Moths, skulls, antlers and altars in new Manchester Museum gallery

By Culture24 Staff | 15 May 2009
A picture of a skeleton in a museum

The Manchester Museum's latest gallery (above) has five themes. Picture courtesy The Manchester Museum

New galleries at The Manchester Museum, the University of Manchester's neo-gothic portal of T-Rex skeletons and obscenely rare botanical finds, rarely fail to live up to their near two-century heritage.

The Manchester Gallery, cataloguing the city’s changing environment with underwater worlds of coral reefs, a swamp which fuelled the industrial revolution, deserts, ice ages and the academics, soldiers and humble civilians who have figured along the way, looks like being no exception.

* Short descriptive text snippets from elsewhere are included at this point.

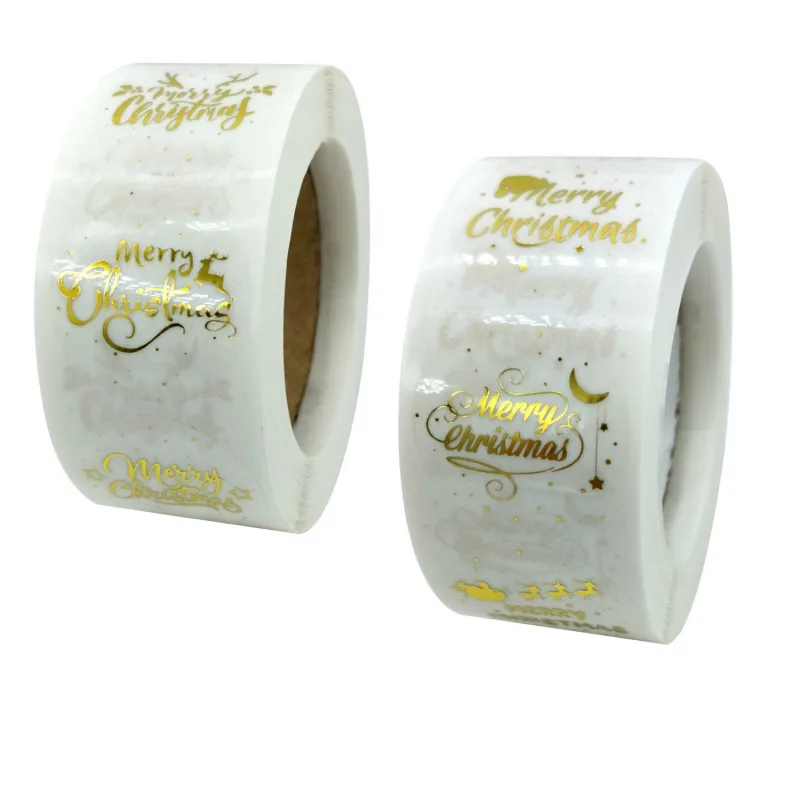 Manufacturers Custom Private Brand Name Printing Logo Adhesive Roll Labels Stickers for Packaging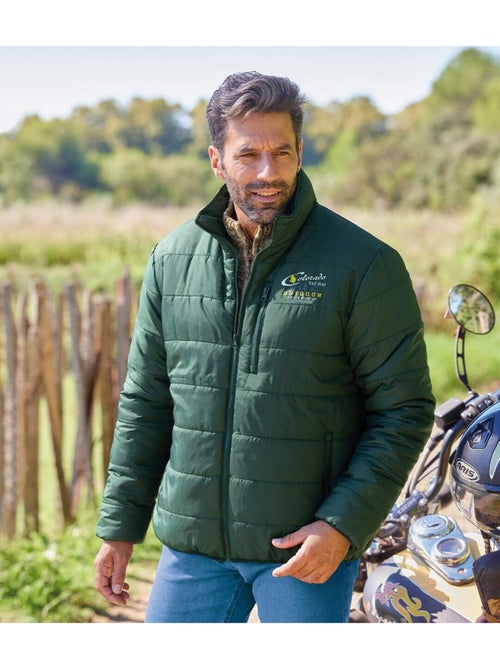 Doudoune Outdoor Multipoche  - ATLAS FOR MEN - Kiabi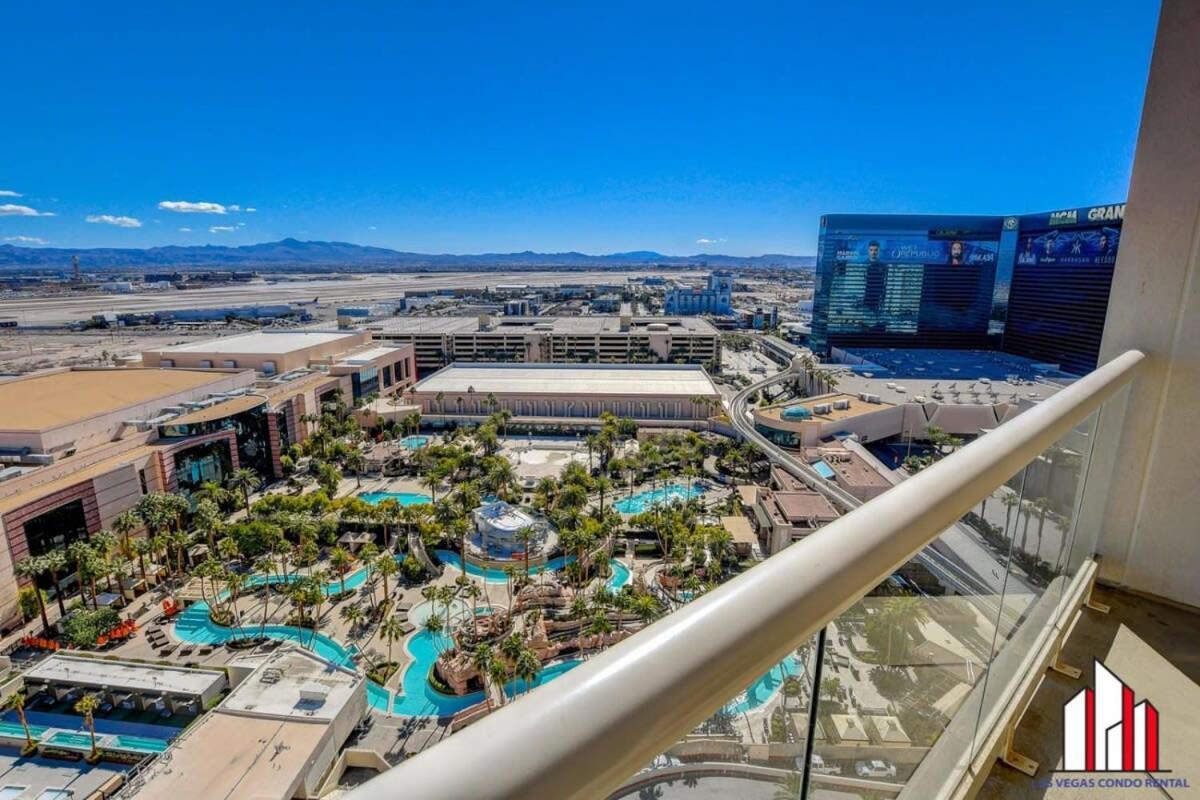 Mgm Signature-20-608 1Br 2Ba Balcony Jacuzzi Suite Las Vegas Exteriör bild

Five themes – Journeys, Migration, the Museum, Collectors and Environment – feature an Asian elephant who arrived on foot from Edinburgh in 1872, a Benin City table sold to pay for the capture of the city by British Forces in 1897, a set of jars containing samples from the expedition HMS Challenger made across the world 140 years ago and an altar found in a Roman rubbish pit in 2008.

A picture of people looking at cases in a museum

The now-extinct Manchester Moth is part of the show. Picture courtesy The Manchester Museum

Marie Stopes, a 20th century social reformer and pioneering palaeobotanist who was the first woman to be employed to the scientific staff at the University, is profiled alongside collections from Victorian entomologists and Eygptologists, updated by current curators and new work from local schoolchildren, and there's a section for the Manchester Moth, a flutterer named in 1830 which is now thought to be extinct.

A picture of a display in a museum

Important figures from Manchester's history are documented in the new gallery. Picture courtesy The Manchester Museum

Other highlights include a skull and antlers from male Red Deer who lived in Manchester at the end of the last Ice Age, found during the digging of the Manchester Ship Canal at the end of the 19th century, and a headdress from Chinese tribe the Manchu, which was donated by a local resident in 1939.